Georges se défend, pour lui ce sont encore ses patrons qu'il escroque puisque personne ne croira de telles aberrations antisoviétiques.
Véronique : Heureusement : sinon ils n'auraient plus qu'à se saouler à mort ou à ouvrir le gaz. Mais, quand il ne s'en trouverait qu'un sur mille pour avaler tes boniments, tu serais déjà un assassin. On t'a bien eu, mon pauvre Georges (...) tu croyais voler l'argent des riches, mais tu le gagnes.
Elle révèle au passage que l'on ajoute des choses encore plus abjectes dans les articles de Georges. A l'insu de ce dernier qui consent enfin à s'indigner, à promettre de réagir, début de sa rédemption. Enfin, elle le quitte, plus pathétiquement et rhétoriquement moralisatrice que jamais :
Véronique : Bonsoir. (la main sur le loquet de la porte.) Je te souhaite de ne pas devenir trop méchant.
(tableau 5, scène 7)
Bien sûr, ce pauvre Sartre avait encore moins rencontré de kolkhoziens (voir Le Pavillon des cancéreux dans cette même rubrique), ou de mineurs du Donbass, ou de zeks, déportés au Goulag, que les méchants gros bourgeois du George-V n'avaient rencontré d'ouvriers de Billancourt... et Lazareff était mieux informé.

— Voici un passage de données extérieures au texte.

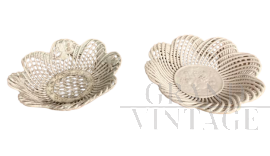 Coppia di piatti centrotavola antichi in maiolica traforata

En attendant, Georges va effectivement se reprendre, dénoncer la supercherie dans un autre journal. Panique à la rédaction de Soir à Paris, qui désigne Jules Palotin comme responsable et le renvoie. Son successeur, Mouton, décide d'une réplique.
Mouton : Au travail, mon ami. Il faut remanier la Une. Mettez-moi d'abord en surtitre : "Georges de Valera se vend aux communistes". Que le gros titre occupe la moitié de la page : "Nekrassov enlevé par les Soviets au cours d'une réception chez Mme Bounoumi". Et vous terminerez par ce sous-titre : "Après avoir passé douze heures dans les caves de l'ambassade, le malheureux aurait été expédié à Moscou dans une malle". Compris ? (...)
Charivet : Ils vont nous croire ?
Mouton : Non, mais ils ne croiront pas non plus Libérateur : c'est l'essentiel. (...)
(tableau 8 scène 6)
Un an après la création de la pièce, le rapport Khrouchtchev allait sérieusement ébranler Sartre, et ce n'était qu'un début.